Si è chiuso ieri, martedì 11 dicembre, a Marrakech la Conferenza Intergovernativa che ha portato all’approvazione del Global Compact on Migration (GCM) da parte di 164 paesi. Si tratta di un accordo non vincolante promosso dalle Nazioni Unite all’indomani della crisi dei profughi siriani e che stabilisce 23 principi per una migrazione “sicura, ordinata e regolare”. Si propone di favorire una migliore gestione del fenomeno migratorio dalla scala locale a quella globale, tenendo conto della necessità di ridurre i rischi e le vulnerabilità ai quali i migranti sono esposti durante le diverse fasi del proprio viaggio.
Il GCM dedica un intero paragrafo a “disastri naturali, effetti avversi dei cambiamenti climatici e degrado ambientale” come fattori scatenanti e strutturali che inducono le persone a lasciare i propri paesi di origine. Invita a rafforzare “un’analisi congiunta e lo scambio di informazioni per meglio mappare, capire, prevedere e gestire i fenomeni migratori indotti da disastri naturali e dagli impatti dei cambiamenti climatici, sviluppare strategie di adattamento e resilienza”, integrare le strategie di preparazione ai disastri con considerazioni sugli sfollamenti, armonizzare e sviluppare approcci e meccanismi a livello sub-regionale e regionale per affrontare le vulnerabilità delle persone colpite dai disastri”.

Un forte impulso alla discussione sul nesso tra cambiamenti climatici e migrazioni è venuto anche dal lavoro svolto in questi anni nell’ambito della Convenzione Quadro sui Cambiamenti Climatici (UNFCCC). La mobilità umana è stata riconosciuta come una forma di adattamento nel 2008 alla Conferenza ONU sul Clima di Cancún.

Negli anni successivi il tema è stato progressivamente connesso alla discussione sulle Perdite e Danni associate ai cambiamenti climatici (Loss&Damage) ed è diventato uno specifico focus del piano di lavoro del Comitato Esecutivo del Meccanismo di Varsavia su Loss&Damage (WIM). L’Accordo di Parigi ha poi creato all’interno del WIM una specifica task force su dislocamento le cui raccomandazioni sono state approvate proprio nei giorni scorsi alla COP24.

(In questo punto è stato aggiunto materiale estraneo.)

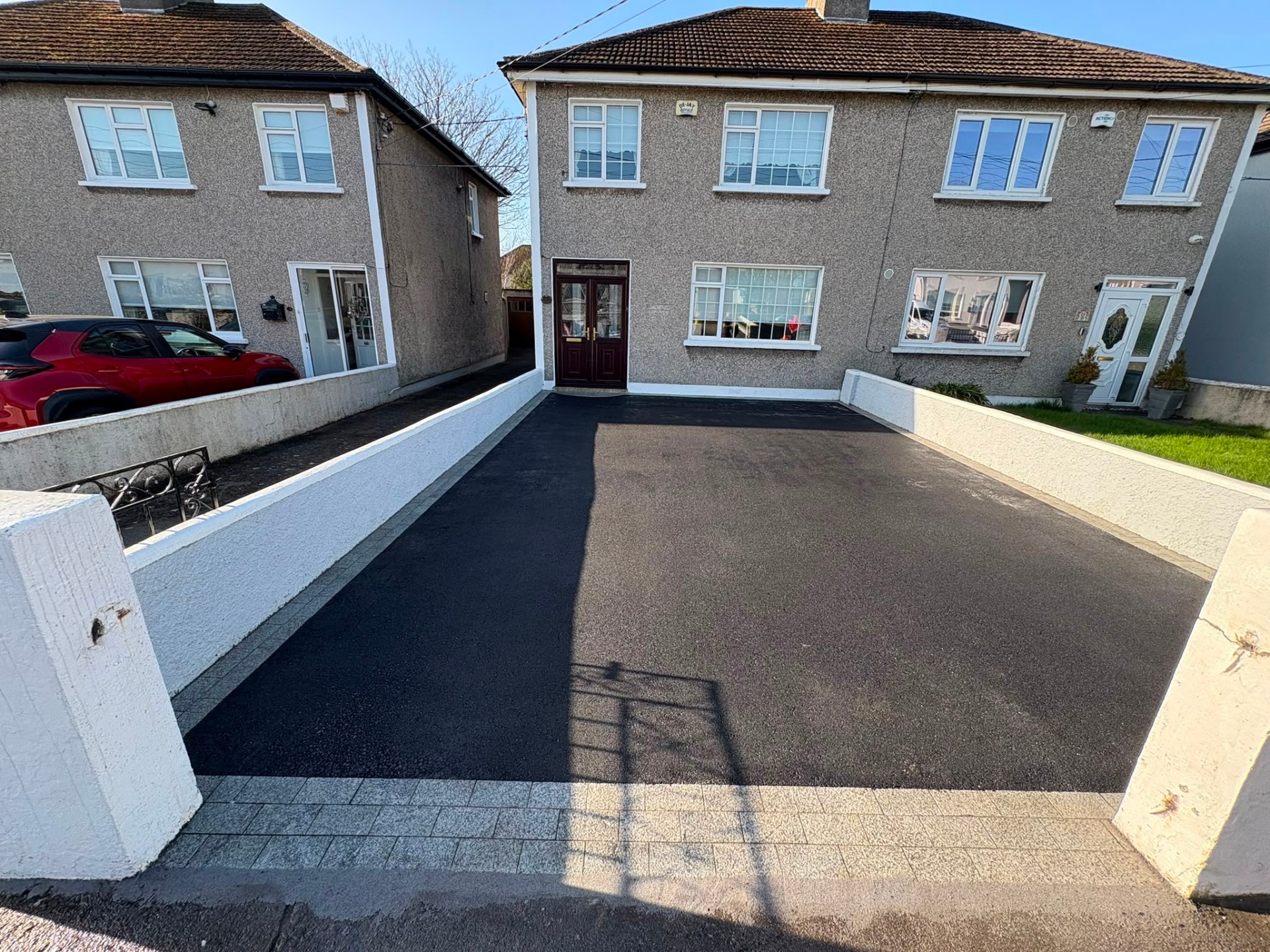 Fresh smooth tarmac driveway with paved apron in Swords, Co. Dublin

Queste ultime si basano su tre pilastri: pianificazione, consultazione e coordinamento. Il primo invita i singoli paesi ad elaborare leggi e strategie per rafforzare la preparazione, la programmazione e le misure di emergenza per gestire gli sfollamenti in modo sicuro. Il secondo richiama l’UNFCCC a favorire ricerca e analisi su migrazioni interne ed internazionali innescate dai cambiamenti climatici, mentre il terzo richiede di stimolare una maggiore collaborazione tra le varie agenzie dell’ONU e altri portatori di interesse per capire come agire concretamente.

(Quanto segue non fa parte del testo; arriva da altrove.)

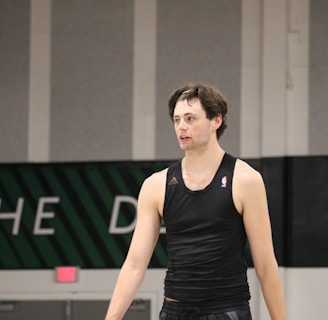A person wearing a sleeveless black sports top is standing indoors in a gymnasium. The background includes a gray wall with green and white lettering partially visible.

Il punto che rimane ancora in sospeso, tuttavia, è il tipo di protezione internazionale che potrebbe essere concessa a coloro che, sempre più spesso, vengono indicati come migranti o sfollati climatici. In realtà, non esiste una definizione legale accettata internazionalmente per questi ultimi e spesso vengono ricondotti al concetto di “migranti ambientali”.

L’Organizzazione Internazionale per le Migrazioni (IOM) definisce i migranti ambientali come persone o gruppi che, per effetto di cambiamenti improvvisi o progressivi dell’ambiente in cui vivono e che influenzano negativamente la loro vita o condizioni di vita, devono o scelgono di lasciare il proprio territorio temporaneamente o permanentemente. Individuare però il peso relativo dei cambiamenti climatici rispetto ad altri fattori che possono determinare la scelta di migrare, inclusi elementi sociali, politici, demografici ed economici, rimane ad oggi una sfida molto difficile se non impossibile.